And he was a loyalist.
He never missed a day's roll call at the court,
and he really had deep loyalties to the empire.
But still, he was very wary of where the empire was
going. He felt that what was really important for China's future destiny was the language.
Because to become a modern nation, he felt that China needed a single language that they can
communicate in mutually, right? That's mutually understandable. Now remember, China has hundreds,
if not thousands of dialects, right? But for Wang Zhao, he foresaw that to standardize, you actually
need to make sure that the Chinese can communicate with each other. He knew that language had to be
the key to the kind of unity that would be required of modern nationalism. So Wang Zhao and a group of
reformers came up with plans to reform China and its language.
Initially, the Qing emperor was open to it.
But the powerful Empress Dowager was not.
They started a movement that lasted all but 100 days of reform.
And the Empress Dowager shut it down. They went into exile, fled to Japan,
because there was then a bounty on their heads. But Wang Zhao didn't give up on his dream in exile.
He kept developing his ideas for simplifying and standardizing Chinese. So after two years in Japan,
he smuggled himself back into China disguised as a monk in order to try and apply his new ideas to teach this new version of the language.
And so he came back at great risk to his life to China.
He was traveling, you know, trying to stay off the big roads and open roads
and trying to find his way back to his allies in his home.
He headed north, crossing through the countryside and sleeping in open fields.
And so in that process, he came across the peasants,
most of whom were illiterate and uneducated.
And it kind of confirms his belief like, gosh, the Chinese really need to be more educated.
But what's preventing them, right, what's preventing them from seeking and acquiring better enlightenment is really language.
That you really need to give the power of literacy for people so that they can open the door themselves and walk through it.
Wang Zhao wanted to do two things.
One was to make his dialect, Mandarin, the standard language across China. Wang Zhao wanted to do two things.
One was to make his dialect, Mandarin, the standard language across China.
The second was to come up with a writing system that would let people of other dialects sound out words in Mandarin.
And what made it especially difficult was that there was no purely phonetic representation to tell you how to sound out a character. For example,
if you were given the letters D-O-G, you already know how to pronounce each of those individual letters, which allows you to sound out the word dog. But because each character is made up of
strokes, and the strokes don't tell you how to sound it out, you would have no idea how to
pronounce a character you've never seen before.
And this is where Wang Zhao comes in.
Remember that plan he had tucked in his robe?
Wang Zhao wanted to come up
with a phonetic representation of characters
so that you can learn characters faster,
better, more efficiently.
It would be easier for, you know,
different speakers, different dialects
to learn the writing system if they can somehow bridge it, if they could hear how it's pronounced in their own dialect as well as a standard dialect.
So he came up with his own phonetic system based on strokes.
Each stroke represents a different sound.
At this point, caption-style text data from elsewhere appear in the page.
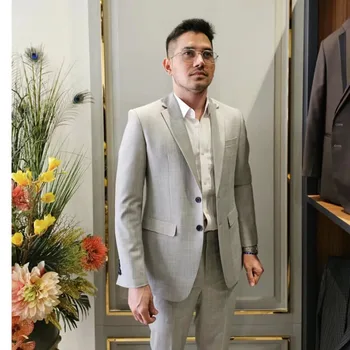 2023 Нова мода сватба мъже светло сиво изрязани ревера костюми бизнес случайни официален костюм Homme тънък годни 2 бр комплект яке панталони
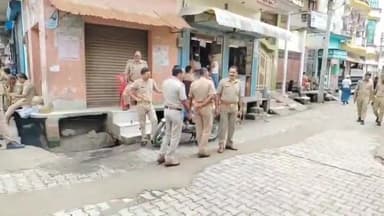 बरेली: बारादरी थाना क्षेत्र के जोगीनवादा में शाहनूरी मस्जिद के सामने से कांवड़ियों का जत्था शांतिपूर्ण तरीके से निकाला गया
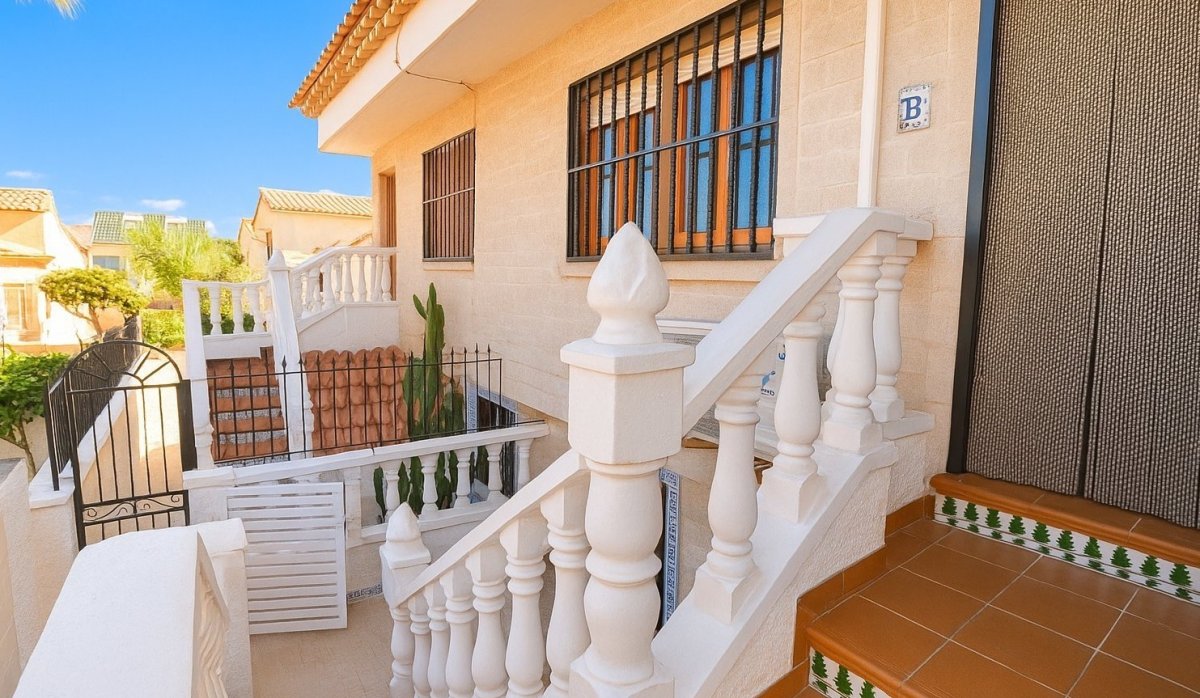 Resale - Townhouse - La Mata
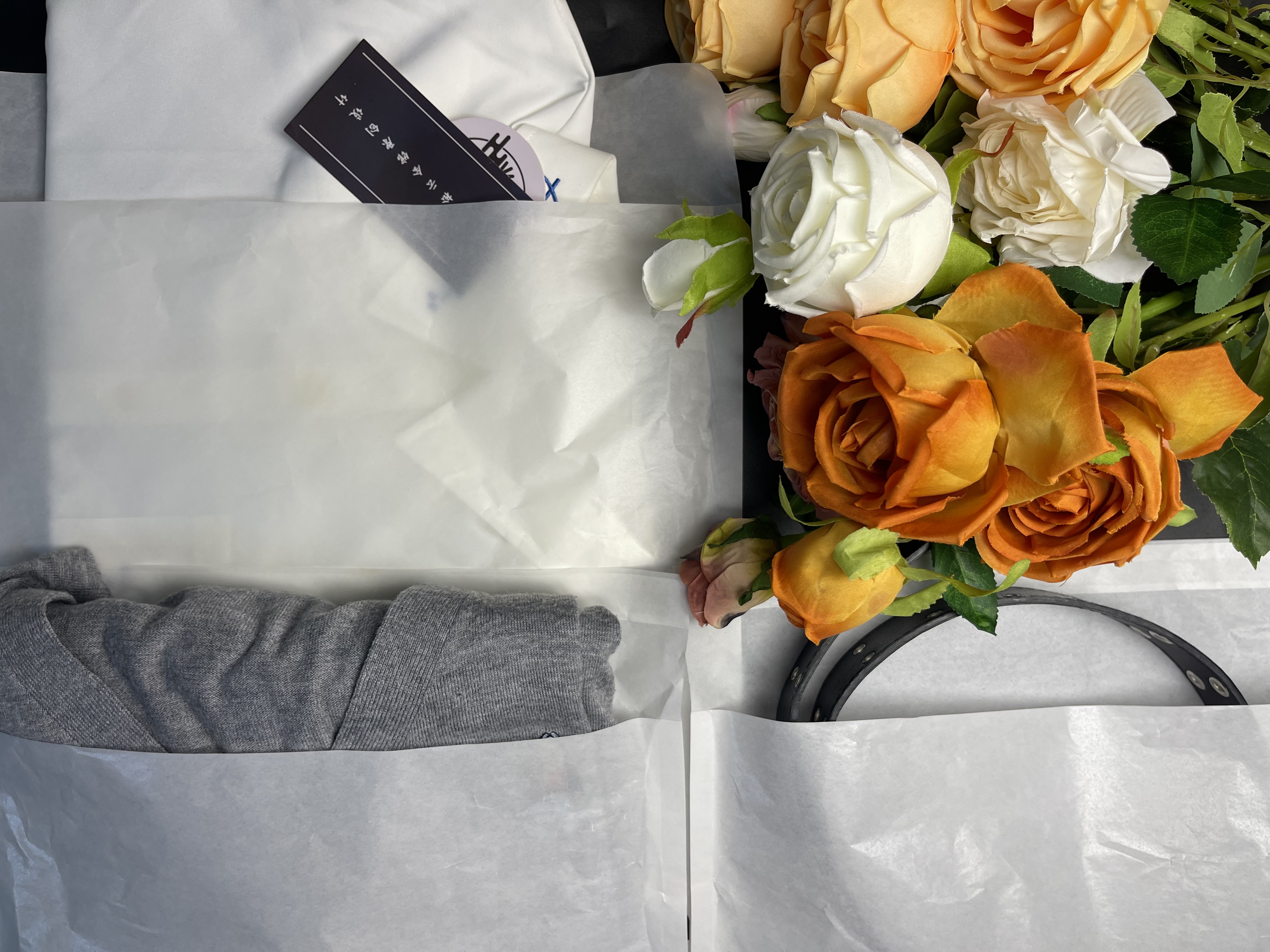 Custom Printed Eco-friendly Biodegradable Self Adhesive Sealable Transparent Wax Glassine Paper Bags for Clothing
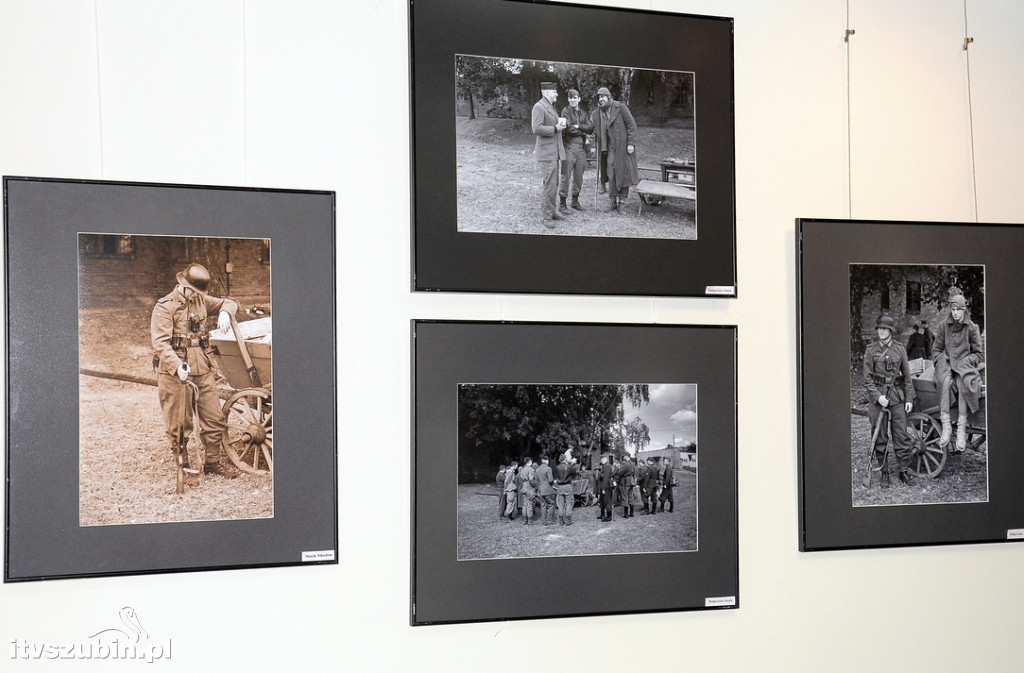 Wystawa Fotograficzna OFLAG 64 obraz z życia jeńców amerykańskich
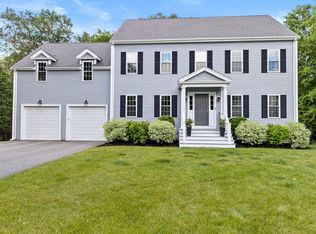 78 Crabtree Ln, Abington, MA 02351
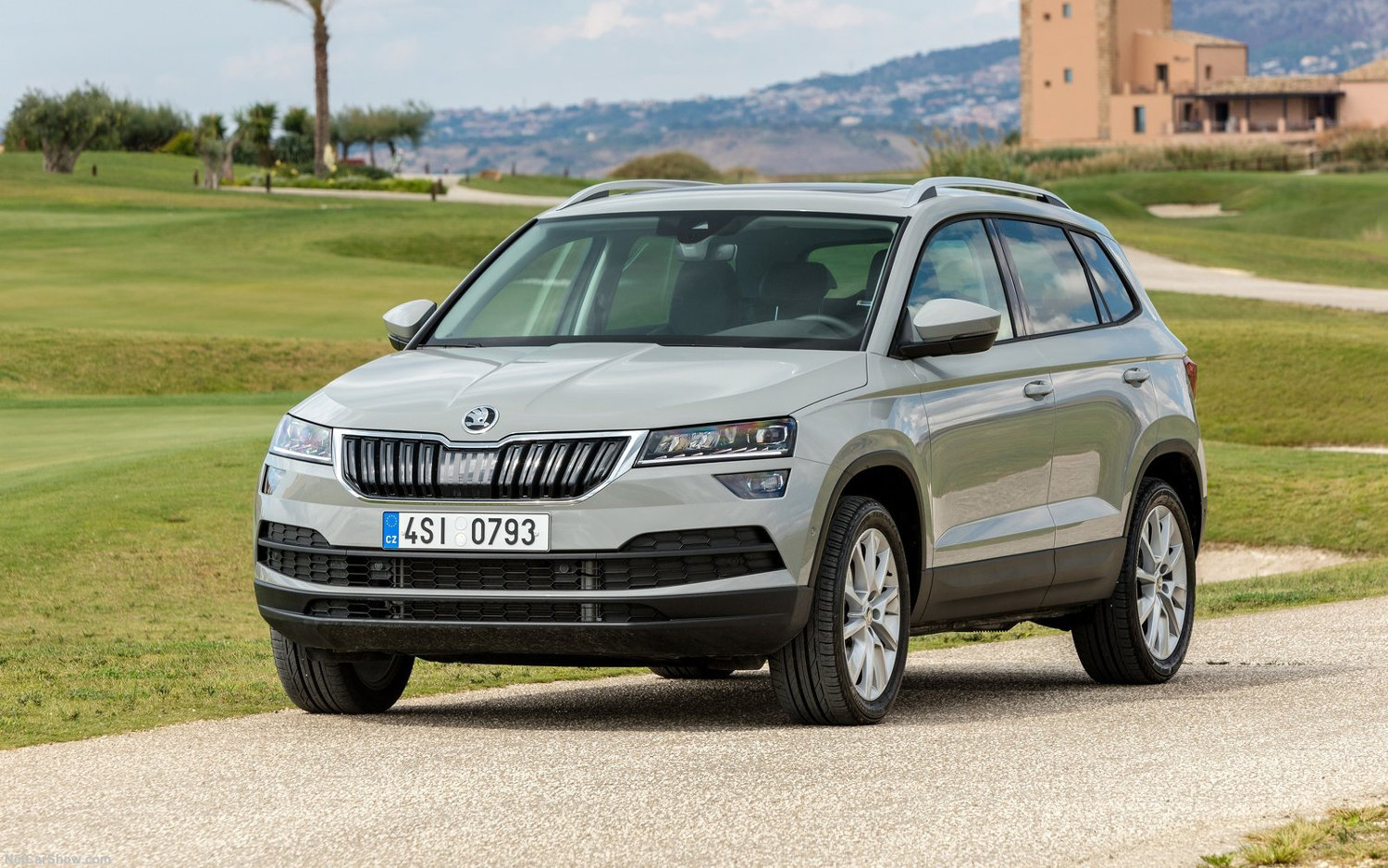 Skoda Karoq Grey Steel: The Tech Features You Need To Know. - h97hx65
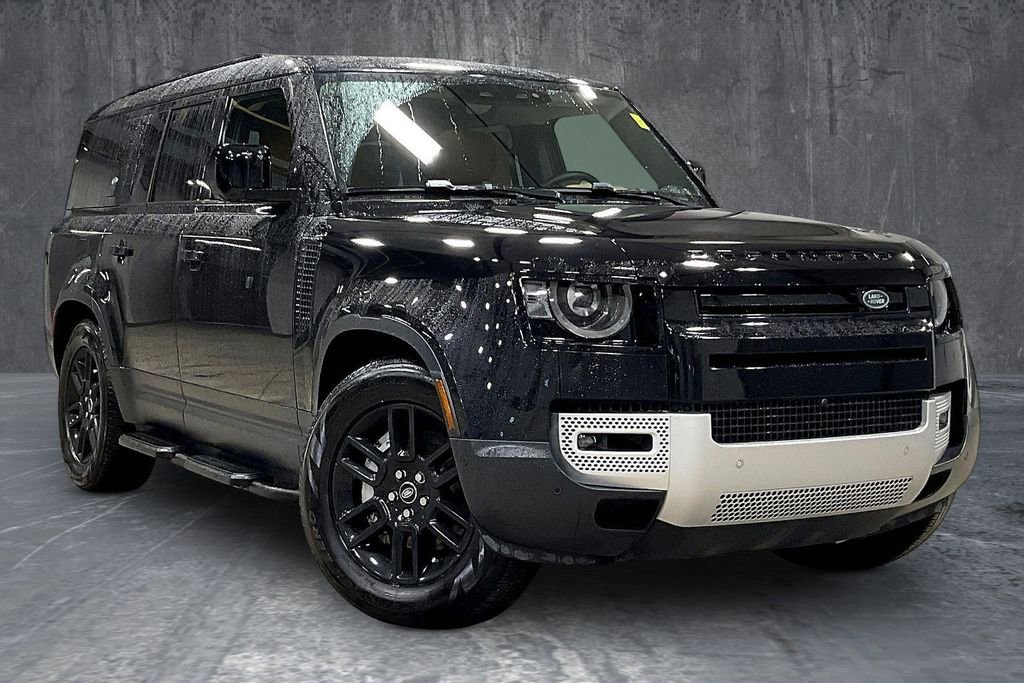 Used 2024 Land Rover Defender 130 S image 3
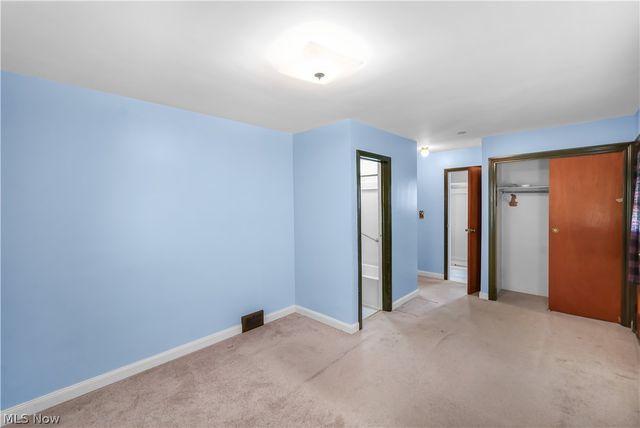 2330 21 Street, Cuyahoga Falls, OH 44223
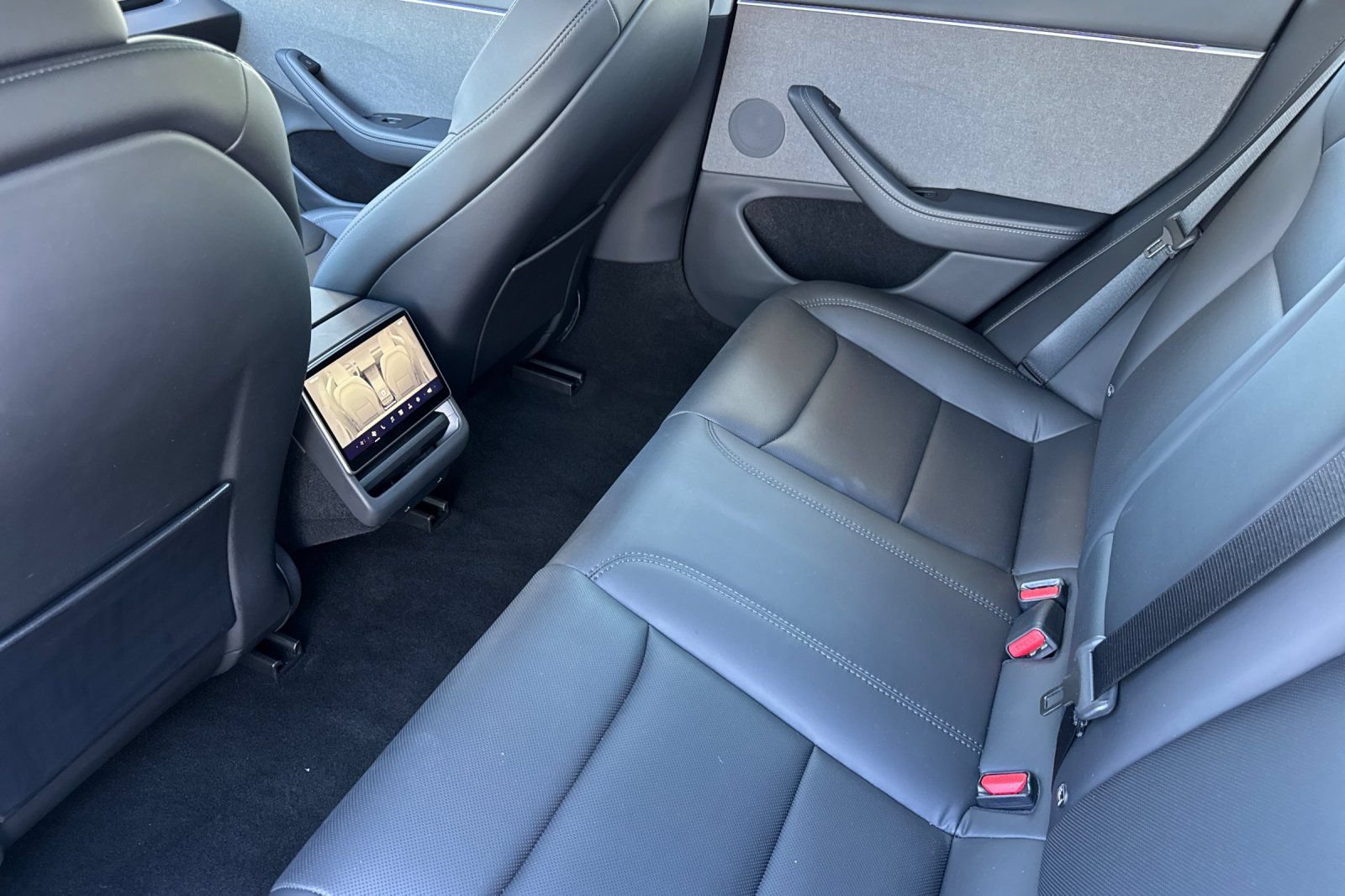 Used 2025 Tesla Model 3 Long Range RWD image 14
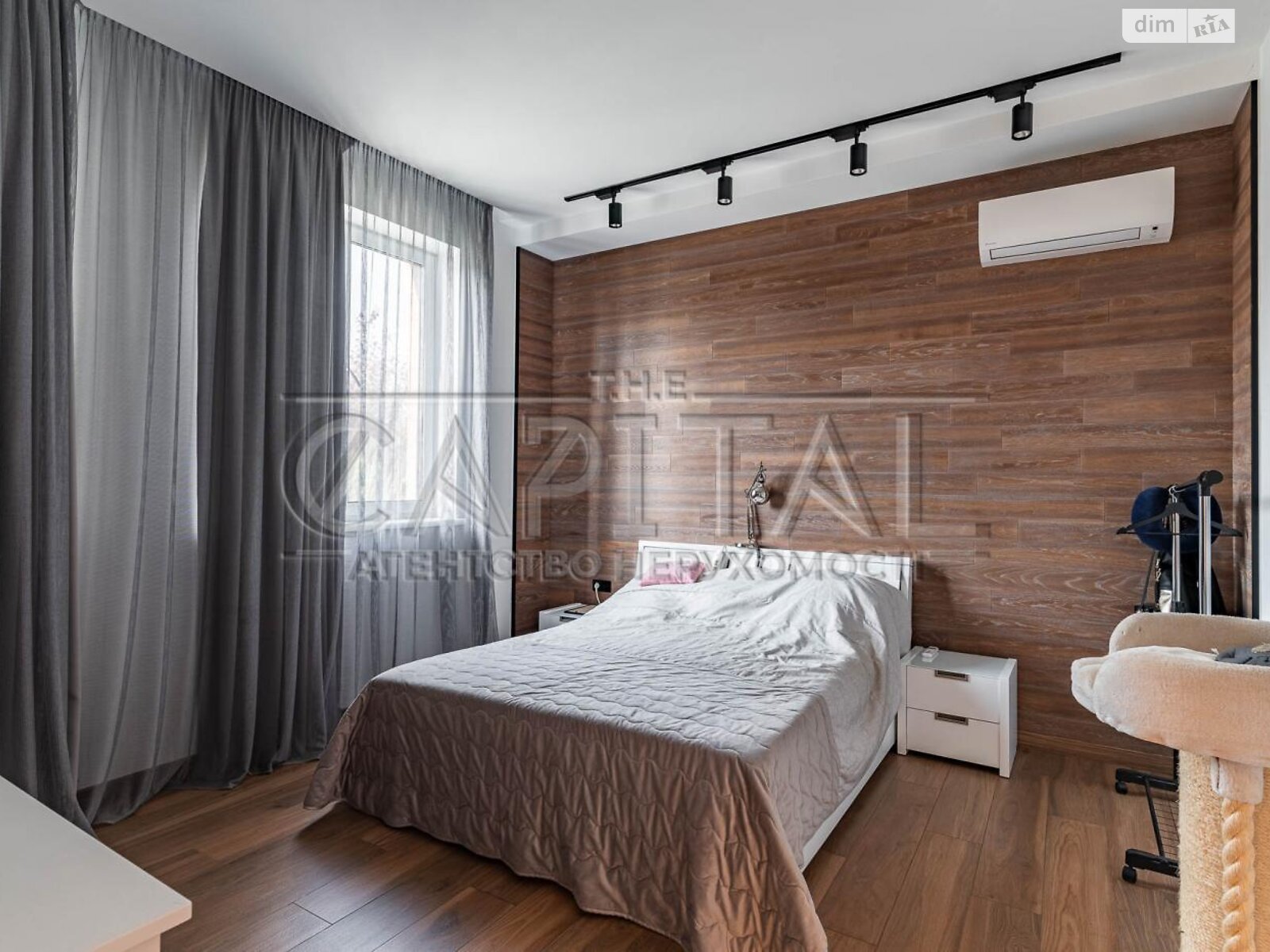 двухэтажный дом с балконом, 251 кв. м, кирпич. Продажа в Бобрице фото 1 двухэтажный дом с балконом, 251 кв. м, кирпич. Продажа в Бобрице фото 1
The system that offered a finite set of phonetic symbols, around 50, that could teach all Chinese how to pronounce Chinese in the same way.
After crossing through the countryside,
Wang Zhao eventually ended up back in his hometown,
where he would test out his plan to see if it would really be faster and easier
to learn Mandarin through his writing system.
He had to test it out.
He had to see if the conditions were ready.
Because after all, remember, he had been away for two years.
And China had just gone through this tumult,
and things were still very unstable.
And so he was kind of, he had to be very cautious and alert
to see, is this the time to bring this back?
While he stayed low and behind the scenes,
he had a friend at the Ministry of Education
promote his Mandarin writing system.
And it was a hit.
By 1906, people were teaching it at schools throughout the region.
Soon, lots of people were taking credit for it, saying they came up with the idea.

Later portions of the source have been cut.